PixETL reads raster and vector source data and converts data into Cloud Optimized GeoTIFF (without overviews) clipped to specified grid sizes.

It will upload all tiles to GFW data lake following GFW naming convention.

Installation

./scripts/setup

Dependencies

  • GDAL 2.4.x or 3.x
  • libpq-dev

Usage

 ██████╗ ███████╗██╗    ██╗    ██████╗ ██╗██╗  ██╗███████╗████████╗██╗
██╔════╝ ██╔════╝██║    ██║    ██╔══██╗██║╚██╗██╔╝██╔════╝╚══██╔══╝██║
██║  ███╗█████╗  ██║ █╗ ██║    ██████╔╝██║ ╚███╔╝ █████╗     ██║   ██║
██║   ██║██╔══╝  ██║███╗██║    ██╔═══╝ ██║ ██╔██╗ ██╔══╝     ██║   ██║
╚██████╔╝██║     ╚███╔███╔╝    ██║     ██║██╔╝ ██╗███████╗   ██║   ███████╗
 ╚═════╝ ╚═╝      ╚══╝╚══╝     ╚═╝     ╚═╝╚═╝  ╚═╝╚══════╝   ╚═╝   ╚══════╝

Usage: pixetl [OPTIONS] LAYER_JSON

  LAYER_JSON: Layer specification in JSON

Options:
  -d, --dataset TEXT                        Name of dataset to process  [required]
  -v, --version TEXT                        Version of dataset to process  [required]
  --subset TEXT                             Subset of tiles to process
  -o, --overwrite                           Overwrite existing tile in output location
  --help                                    Show this message and exit.

Example

pixetl -d umd_tree_cover_density_2000 -v v1.6 '{"source_type": "raster", "pixel_meaning": "percent", "data_type": "uint8", "nbits": 7, "grid": "10/40000", "source_uri": "s3://gfw-files/2018_update/tcd_2000/tiles.geojson", "resampling": "average"}'

Layer JSON

You define layer sources in JSON as the one required argument

Layer source definitions follow this pattern

{
    "option": "value",
    ...
}

Supported Options:

Raster Sources:

Option Mandatory Description
source_type yes Always "raster"
pixel_meaning yes A string indicating the value represented by pixel.

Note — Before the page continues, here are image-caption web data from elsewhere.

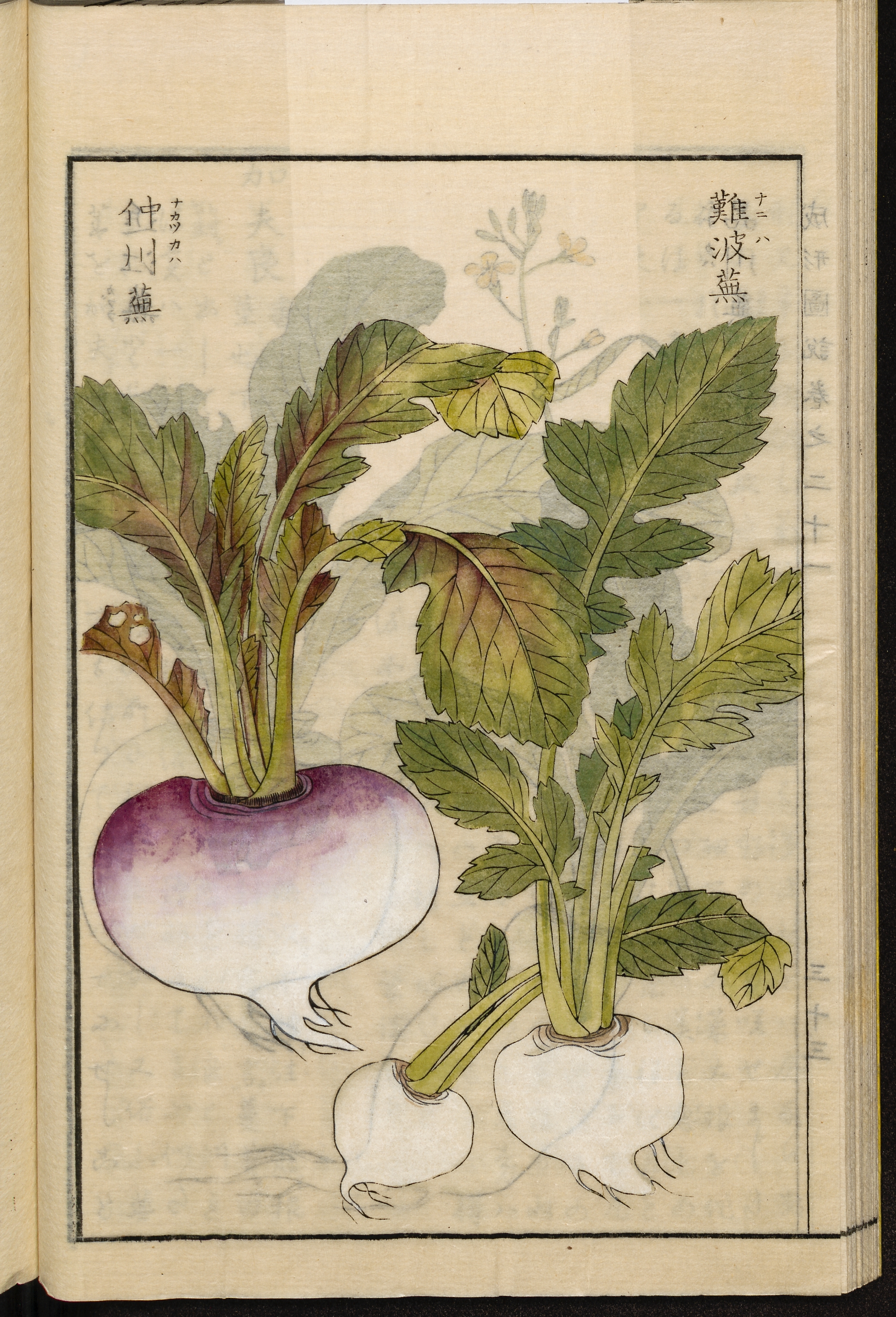 no full size  illustration available (3a)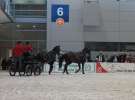 CAVALIADA 2013 w Poznaniu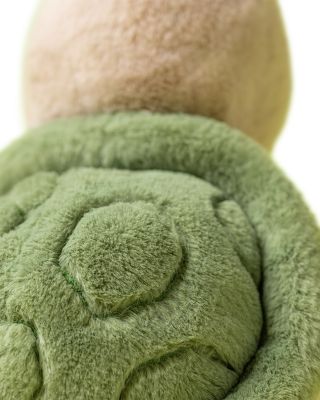 Thimble Turtle - Ages 0+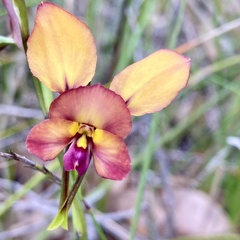 Diuris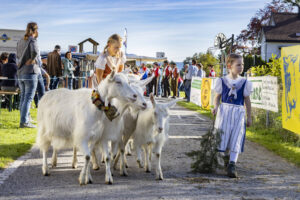 Appenzell, Appenzell Ausserrohden, Appenzeller Vorderland, Landwirtschaft, Ostschweiz, Schweiz, Suisse, Switzerland, Viehschau, Walzenhausen, Wirtschaft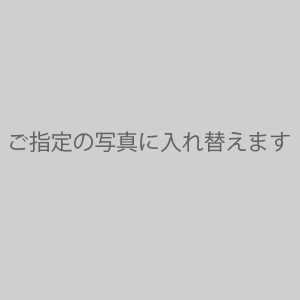 外部連携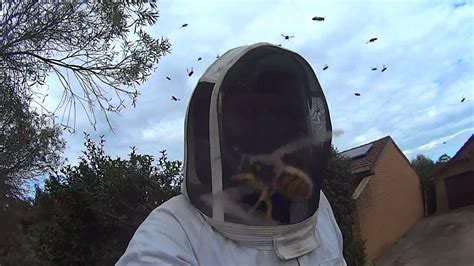 They rarely make nests out in the open, and old nests are never reused. European wasp nest - YouTube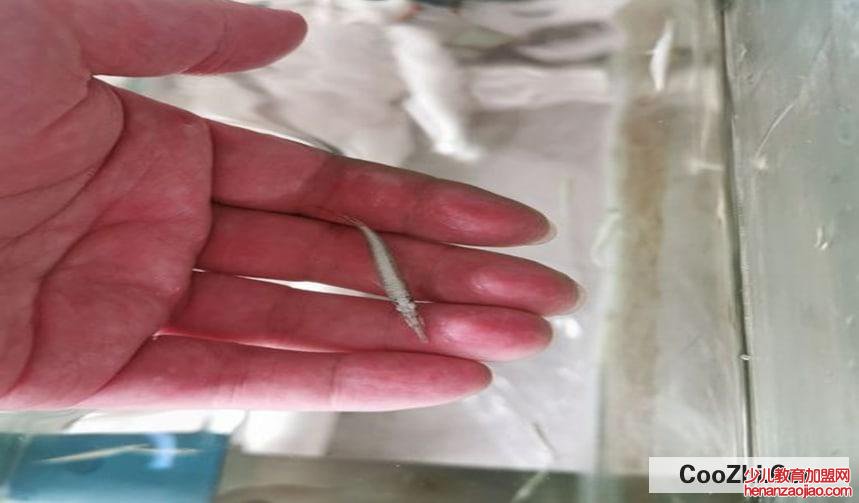 水银针打破了怎么清理比较好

This can either be a field name or a unit. Always use lower caps, unless when specifying a unit that uses capital letters
data_type yes Data type of output file (boolean, uint8, int8, uint16, int16, uint32, int32, float32, float64)
grid yes Grid size of output dataset
no_data no Integer value, for float datatype use NAN. If left out or set to null output dataset will have no no_data value
nbits no Max number of bits used for given datatype
source_uri yes List of URIs of source folders or tiles.geojson file(s)
resampling no Resampling method (nearest, mod, avg, etc), default `nearest
calc no Numpy expression to transform array. Use namespace np, not numpy when using numpy functions. When using multiple input bands, reference each band with uppercase letter in alphabetic order (A,B,C,..). To output multiband raster, wrap list of bands in a masked array ie np.ma.array([A, B, C]).
symbology no Add optional symbology to the output raster
compute_stats no Compute band statistics and add to tiles.geojson
compute_histogram no Compute band histograms and add to tile.geojson
process_locally no When set to True, forces PixETL to download all source files prior to processing. Default False
photometric no Color interpretations of bands

NOTE:

File listed in source_uri must be stored on S3 and accessible to PixETL. The file path must use the s3 protocol (s3://). File content must be of format geoJSON. The geojson must contain a FeatureColletion where each feature represents one geoTIFF file. The feature geometry describes the extent of the geoTIFF, the property name the path to the geotiff using GDAL vsi notation. You can reference file hosted on S3 (/vsis3/), GCS (/vsigs/) or anywhere else accessible over http (/vsicurl/) You can use the pixetl_prep script to generate the tile.geojson file.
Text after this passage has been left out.